China Dream

Image of China Dream
Author(s): 
Release Date: 
May 6, 2019
Publisher/Imprint: 
Counterpoint
Pages: 
176
Reviewed by: 

Ma Jian’s China Dream is a dissident novel in all senses of the term. It’s a novel written by a dissident: “every novel [Ma has] written has been banned in the mainland. [His] name is excluded from official lists of Chinese writers and compendiums of Chinese fiction; it can’t even be mentioned in the press. And worse still, for the last six years, the government has denied [him] the right to return.”

Ma’s purpose in writing is explicitly political and anti-governmental, expressing dissent both against specific Chinese policies and against the overall conduct of the state: “I wrote China Dream out of rage against the false utopias that have enslaved and infantilized China since 1949, and to reclaim the most brutal period of its history—the ‘violent struggle’ phase of the Cultural Revolution—from a regime that continues to repress it.”

Dissent is at the heart of China Dream. The novel’s protagonist, Ma Daode, is a senior propaganda official in a provincial Chinese town. He fantasizes about technology that would allow him (and the state) to control everyone’s dreams as part of China’s move to absolute authoritarianism. There’s real potential in this idea of dream monitoring, particularly as a comment on China’s (very real) social credit system of individual monitoring. However, dream control is only passingly mentioned. Daode’s personal dreams are the real crux of the narrative.

Daode begins to dream of his childhood and adolescence during the Cultural Revolution. He participated in the “violent struggle” wherein teenaged Red Guards formed rival groups and waged war on one another for largely imagined reasons of insufficient revolutionary fervor. Each scene that rises in Daode’s memory is visceral and gore-filled.

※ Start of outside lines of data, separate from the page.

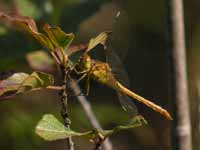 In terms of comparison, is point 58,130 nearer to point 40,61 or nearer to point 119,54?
point 119,54

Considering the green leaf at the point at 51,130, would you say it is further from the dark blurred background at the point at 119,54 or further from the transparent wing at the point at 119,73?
the dark blurred background at the point at 119,54

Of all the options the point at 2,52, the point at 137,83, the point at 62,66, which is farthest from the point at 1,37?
the point at 137,83

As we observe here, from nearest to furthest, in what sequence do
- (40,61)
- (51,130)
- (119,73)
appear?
(51,130) → (119,73) → (40,61)

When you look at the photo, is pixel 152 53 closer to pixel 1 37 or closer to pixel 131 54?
pixel 131 54

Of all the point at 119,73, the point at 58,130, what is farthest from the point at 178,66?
the point at 58,130

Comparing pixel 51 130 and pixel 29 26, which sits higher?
pixel 29 26

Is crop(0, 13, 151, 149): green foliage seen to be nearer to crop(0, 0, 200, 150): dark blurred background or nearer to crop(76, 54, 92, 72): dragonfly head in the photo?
crop(76, 54, 92, 72): dragonfly head

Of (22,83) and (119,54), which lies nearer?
(22,83)

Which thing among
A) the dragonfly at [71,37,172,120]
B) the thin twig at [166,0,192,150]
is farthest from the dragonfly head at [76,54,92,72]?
the thin twig at [166,0,192,150] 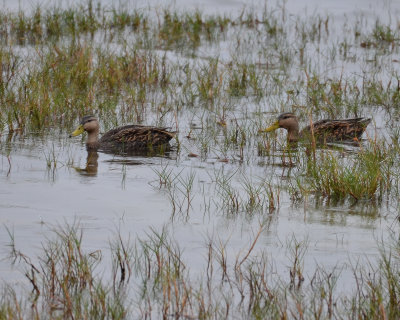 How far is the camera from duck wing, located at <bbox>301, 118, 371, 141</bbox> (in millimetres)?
11359

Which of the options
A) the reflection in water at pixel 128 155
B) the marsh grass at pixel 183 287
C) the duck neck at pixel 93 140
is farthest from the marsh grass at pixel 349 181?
the duck neck at pixel 93 140

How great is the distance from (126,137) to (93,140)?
459mm

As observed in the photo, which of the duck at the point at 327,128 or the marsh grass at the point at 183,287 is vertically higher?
the duck at the point at 327,128

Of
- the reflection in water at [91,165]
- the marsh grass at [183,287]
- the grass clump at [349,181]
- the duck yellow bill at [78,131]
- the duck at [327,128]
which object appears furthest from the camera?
the duck at [327,128]

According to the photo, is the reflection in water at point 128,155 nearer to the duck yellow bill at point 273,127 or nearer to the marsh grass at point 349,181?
the duck yellow bill at point 273,127

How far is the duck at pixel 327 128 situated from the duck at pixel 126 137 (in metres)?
1.41

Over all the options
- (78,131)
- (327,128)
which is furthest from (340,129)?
(78,131)

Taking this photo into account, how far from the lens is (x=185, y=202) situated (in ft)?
26.0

Ma Jian emphasizes both the youth and brutality of the Red Guards: “five ragged Million Bold Warriors [a rival faction] were dragged from the red warehouse out onto the pier, kicked in the back of their knees and forced to kneel. Raising a Mauser pistol high in the air, a mad-eyed boy called Tan Dan announced that East is Red [Daode’s faction] had lost one hundred and twenty comrades and that their deaths must be avenged. Then he went over to the five captives and, one by one, shot them in the head and kicked them into the river. After he walked away, all that remained on the pier was half a skull dripping with fresh blood.” One is reminded of Lord of the Flies, if the boys were from the outset freed of Piggy’s moderating influence. The scenes are terrifying and immediate, the return of memory repressed by the man and the culture both.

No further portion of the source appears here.